Chez les francophones, certains chefs d’État ne connaissent même pas l’existence de leur propre compte Twitter, rassemblant pourtant des milliers de followers. D’autres ont une relation lointaine, laissant soin à des communicants privés, souvent basés en France, de s’occuper de la communication. Le compte de la ministre des Postes et des Télécommunications togolaise, Cina Lawson, est ainsi officiellement géré par une agence étrangère.
Des intermittents du tweet
« Certains dirigeants du continent utilisent de plus en plus le réseau social uniquement à des fins électorales et leurs comptes s’arrêtent une fois élus », se désolait récemment Matthias Lüfkens, directeur de l’expertise digitale de Burson-Marsteller, dans Jeune Afrique. Exemple fragrant : le président camerounais Paul Biya, dont le compte est inactif depuis la fin de la présidentielle de 2011. Ou encore le Congolais Joseph Kabila, brillant auteur d’un unique tweet, le 7 octobre 2010.
On notera également le cas révélateur d’Ousmane Tanor Dieng, ancien candidat à la présidentielle sénégalaise, qui n’a plus tweeté depuis l’élection ou encore de Bernard Muna, lui aussi candidat au fauteuil présidentiel, au Cameroun, et absent du réseau social depuis septembre 2011.
« Une haute personnalité politique africaine a intérêt à posséder un compte Twitter », explique Catherine Dernis, directrice conseil de l’agence de communication Hopscotch Système Africa, qui travaille avec les politiques en Afrique. « À condition d’avoir une vraie stratégie d’animation et de produire un contenu à la fois régulier et informatif : laisser un compte vide ou inanimé peut jouer à contremploi de la communication. »
Dans la sphère francophone, Guillaume Soro, le président de l’Assemblée nationale ivoirienne, pourrait faire figure d’exemple.
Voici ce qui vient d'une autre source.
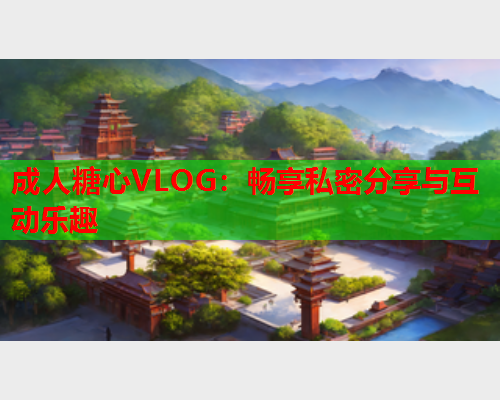 成人糖心VLOG：畅享私密分享与互动乐趣  第1张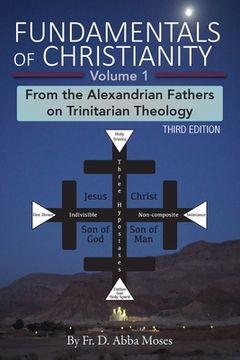 portada Fundamentals of Christianity Volume 1: From the Alexandrian Fathers on Trinitarian Theology (en Inglés)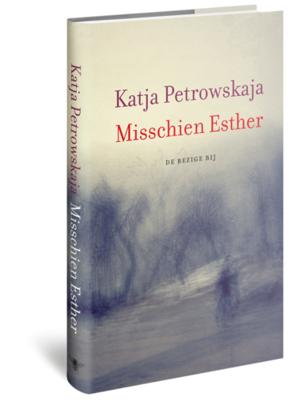 Misschien Esther - Katja Petrowskaja - Paperback (9789023487296)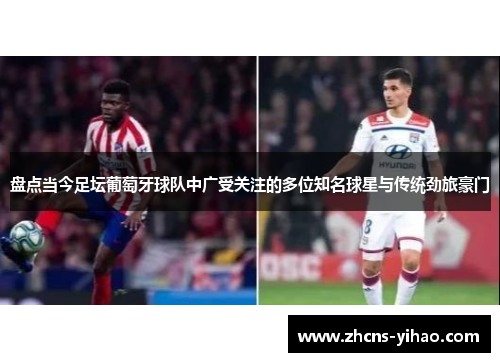 盘点当今足坛葡萄牙球队中广受关注的多位知名球星与传统劲旅豪门 盘点当今足坛葡萄牙球队中广受关注的多位知名球星与传统劲旅豪门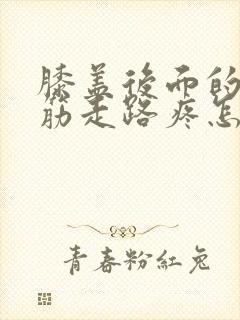 膝盖后面的腿窝筋走路疼怎么回事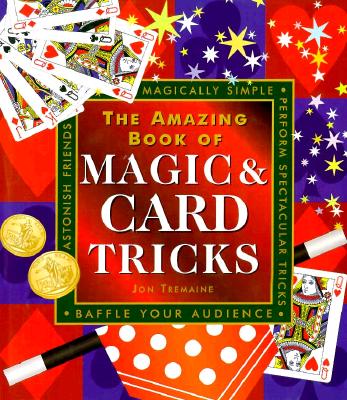 Image for The Amazing Book of Magic & Card Tricks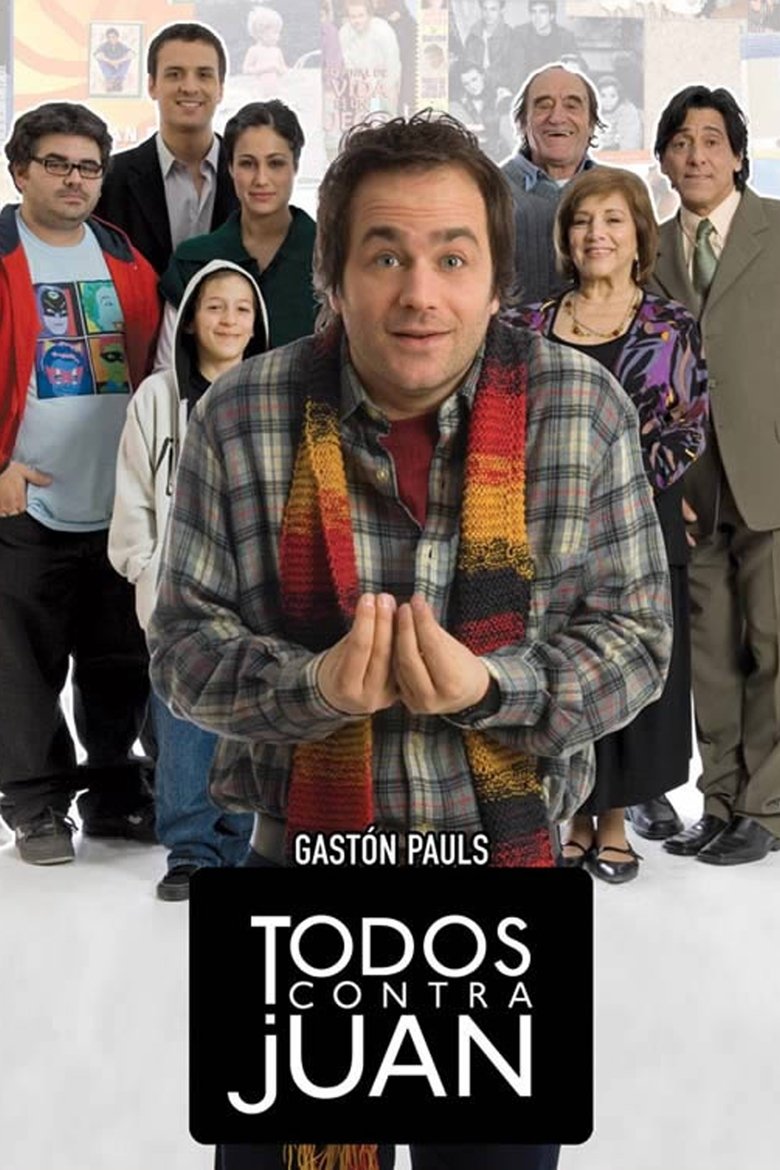 Todos Contra Juan Poster of Todos Contra Juan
Tweetant plusieurs fois par jour, répondant à ses interlocuteurs, il a autour de lui une équipe acquise aux nouvelles technologies et rassemble quelque 20 000 abonnés. Soit le double du président Ouattara, clairement moins actif.
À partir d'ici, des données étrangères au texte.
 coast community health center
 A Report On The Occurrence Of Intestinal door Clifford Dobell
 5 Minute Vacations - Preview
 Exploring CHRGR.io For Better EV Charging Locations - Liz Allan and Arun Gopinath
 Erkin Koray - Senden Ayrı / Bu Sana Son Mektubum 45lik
Un gage d’avenir ? Pour Olivier Nduhungirehe , cela ne fait aucun doute : « Twitter est devenu un instrument indispensable dans la communication », assure-t-il. « Il est désormais la première source d’information pour les jeunes. » Un bon moyen pour les ramener à la politique dont ils sont les premiers à se détourner.
Mathieu Olivier
(Source : Jeune Afrique, 28 août 2013)
La langue de Molière et Twitter
Il n’y a pas qu’en Afrique que les francophones ont du mal avec Twitter. Les Français s’y sont très largement mis, mais le nombre de caractères limité que contient un tweet ne joue pas en faveur du français. L’anglais présente au contraire l’avantage de pouvoir être abrégé à souhait, tel que « 4 » pour « for », ou « u » pour « you », par exemple, tout comme l’arabe. Le français est en revanche plus gourmand et on peut estimer que, pour un tweet, la langue de Molière nécessite environ vingt à trente signes de plus que l’anglais.